# Credits to

[1] https://www.kaggle.com/mayer79/m5-forecast-keras-with-categorical-embeddings-v2 

[2] https://www.kaggle.com/ragnar123/very-fst-model

[3] https://www.kaggle.com/mayer79/m5-forecast-poisson-loss

[4] https://www.kaggle.com/lnovakovi/copy-m5-darker-magic-difflgbm

# Libraries

In [None]:
import warnings
warnings.filterwarnings('ignore')
import pandas as pd
import numpy as np
import gc
import os
from tqdm.notebook import tqdm
import matplotlib.pyplot as plt
from sklearn.preprocessing import OrdinalEncoder
import time
import pickle
import lightgbm as lgb
from sklearn.ensemble import RandomForestRegressor
from sklearn.ensemble import AdaBoostRegressor
import lightgbm as lgb
import xgboost as xgb
from sklearn.metrics import mean_squared_error
from sklearn.metrics import mean_squared_log_error
from sklearn.metrics import mean_poisson_deviance

import os, sys, gc, time, warnings, pickle, psutil, random

# custom imports
from multiprocessing import Pool        # Multiprocess Runs

warnings.filterwarnings('ignore')

# Reduce Memory Usage 

Run this function on dataframes to reduce the memory usage.

In [None]:
'''
Got from: [1]
'''
def reduce_mem_usage(df, verbose=True):
    numerics = ['int16', 'int32', 'int64', 'float16', 'float32', 'float64']
    start_mem = df.memory_usage().sum() / 1024**2    
    for col in df.columns:
        col_type = df[col].dtypes
        if col_type in numerics:
            c_min = df[col].min()
            c_max = df[col].max()
            if str(col_type)[:3] == 'int':
                if c_min > np.iinfo(np.int8).min and c_max < np.iinfo(np.int8).max:
                    df[col] = df[col].astype(np.int8)
                elif c_min > np.iinfo(np.int16).min and c_max < np.iinfo(np.int16).max:
                    df[col] = df[col].astype(np.int16)
                elif c_min > np.iinfo(np.int32).min and c_max < np.iinfo(np.int32).max:
                    df[col] = df[col].astype(np.int32)
                elif c_min > np.iinfo(np.int64).min and c_max < np.iinfo(np.int64).max:
                    df[col] = df[col].astype(np.int64)  
            else:
                if c_min > np.finfo(np.float16).min and c_max < np.finfo(np.float16).max:
                    df[col] = df[col].astype(np.float16)
                elif c_min > np.finfo(np.float32).min and c_max < np.finfo(np.float32).max:
                    df[col] = df[col].astype(np.float32)
                else:
                    df[col] = df[col].astype(np.float64)    
    end_mem = df.memory_usage().sum() / 1024**2
    if verbose: print('Mem. usage decreased to {:5.2f} Mb ({:.1f}% reduction)'.format(end_mem, 100 * (start_mem - end_mem) / start_mem))
    return df

# Upload data

In [None]:

'''
Got from: [1]
'''
'''
path = "../input/m5-forecasting-accuracy"

calendar = pd.read_csv(os.path.join(path, "calendar.csv"))
selling_prices = pd.read_csv(os.path.join(path, "sell_prices.csv"))
sample_submission = pd.read_csv(os.path.join(path, "sample_submission.csv"))
sales = pd.read_csv(os.path.join(path, "sales_train_validation.csv"))
'''

# Helper functions from [4]

* Get data by store - the function in which we upload our dataframe with features 
* Get base test - the function that returns preprocessed test set-  it has all the features that author of [4] created (rolling means 7 ... 60 I think, lag features, mean encoding etc).

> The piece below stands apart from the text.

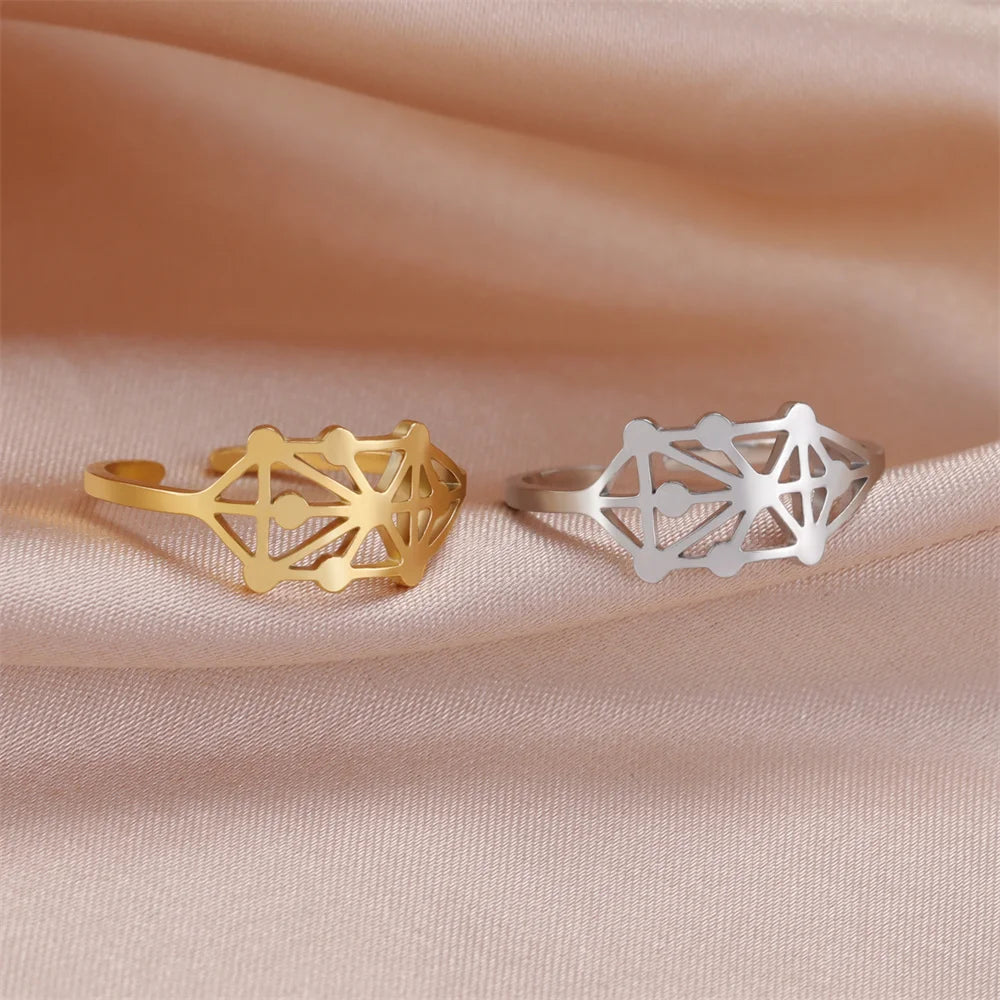 Ancient Israel Ring - Kabbalah Stainless Steel Adjustable Size - Bricks Masons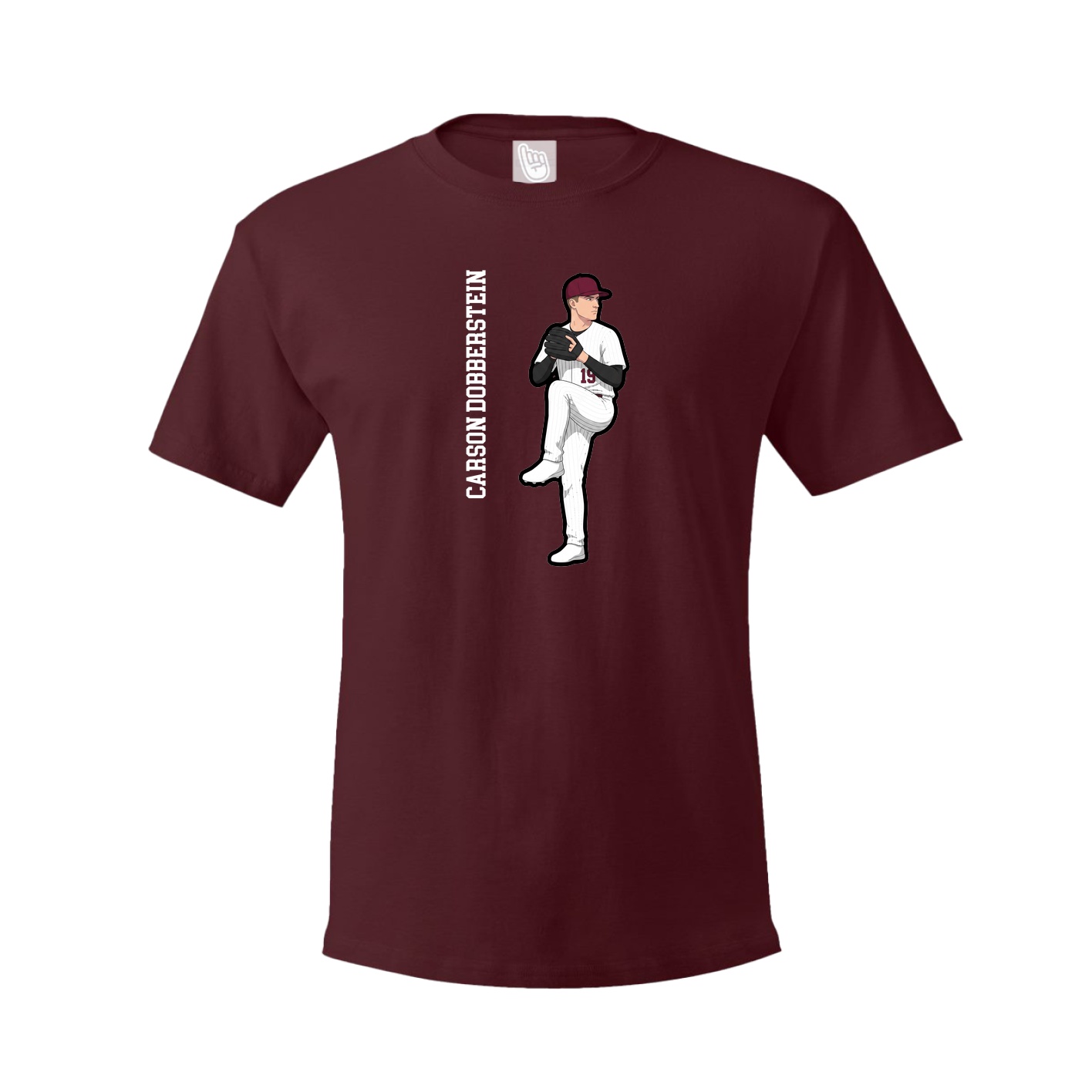 Tee — Name Vertical in Maroon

We can always drop the features we don't want to use 


In [None]:
#################################################################################
## Seeder
# :seed to make all processes deterministic     # type: int
def seed_everything(seed=0):
    random.seed(seed)
    np.random.seed(seed)

    
## Multiprocess Runs
def df_parallelize_run(func, t_split):
    num_cores = np.min([N_CORES,len(t_split)])
    pool = Pool(num_cores)
    df = pd.concat(pool.map(func, t_split), axis=1)
    pool.close()
    pool.join()
    return df


# Read data
def get_data_by_store(store):
    
    # Read and contact basic features here, just related to e.g. calendar and
    # prices 
    
    #The guy had 4 pickle files of features, first load simple ones
    
    #Here we can load our features what we have
    '''df = pd.concat([pd.read_pickle(ID),
                    pd.read_pickle(INITIAL).iloc[:,2:],
                    pd.read_pickle(PART2).iloc[:,2:]],
                   
                    axis=1)
    '''
    # In our case we have sales as melted dataframe, and we leave relevant part 
    
    df=sales
    df = df[df['store_id']==store]
    
    
    '''With memory limits we have to read 
    lags and mean encoding features
    separately and drop items that we don't need.
    As our Features Grids are aligned 
    we can use index to keep only necessary rows
    Alignment is good for us as concat uses less memory than merge. '''
    
    # We add lag and rolling features seperately and leave only one related
    # to indexes we have, so only ones for current STORE ID 
    
    '''
    df2 = pd.read_pickle(ROLLING)
    df2 = df2[df2.index.isin(df.index)]
    
    df3 = pd.read_pickle(LAGS).iloc[:,3:]
    df3 = df3[df3.index.isin(df.index)]
    
    df = pd.concat([df, df2], axis=1)
    del df2 # to not reach memory limit 
    
    df = pd.concat([df, df3], axis=1)
    del df3 # to not reach memory limit '''
    
    # Note: Here we can also add functions to dynamically make some new features 
    
    # Create features list 
    # note: feature list is defined in the cell with the rest of the global variables
    features = [col for col in list(df) if col not in remove_features]
    df = df[['id','d',TARGET]+features]
    
    
    # Skipping first n rows
    df = df[df['d']>=START_TRAIN].reset_index(drop=True)
    #print(df)
    return df, features

# Recombine Test set after training
def get_base_test():
    base_test = pd.DataFrame()
    for store_id in STORES_IDS:
        #temp_df = pd.read_pickle('../input/m5-aux-models/test_'+store_id+'.pkl')
        temp_df = pd.read_pickle('test_'+str(store_id)+'.pkl')
        temp_df['store_id'] = store_id
        base_test = pd.concat([base_test, temp_df]).reset_index(drop=True)
        
    return base_test

Help functions from [4] for making features dynamically

In [None]:
# makes dynamically features (used in the prediction part I think
# but if we don't have pickle files we can use them in training I think as well)

def make_lag(LAG_DAY):
    #TARGET="sales"
    lag_df = base_test[['id','d',TARGET]]
    col_name = 'sales_lag_'+str(LAG_DAY)
    lag_df[col_name] = lag_df.groupby(['id'])[TARGET].transform(lambda x: x.shift(LAG_DAY)).astype(np.float16)
    return lag_df[[col_name]]


def make_lag_roll(LAG_DAY):
    #TARGET="sales"
    shift_day = LAG_DAY[0]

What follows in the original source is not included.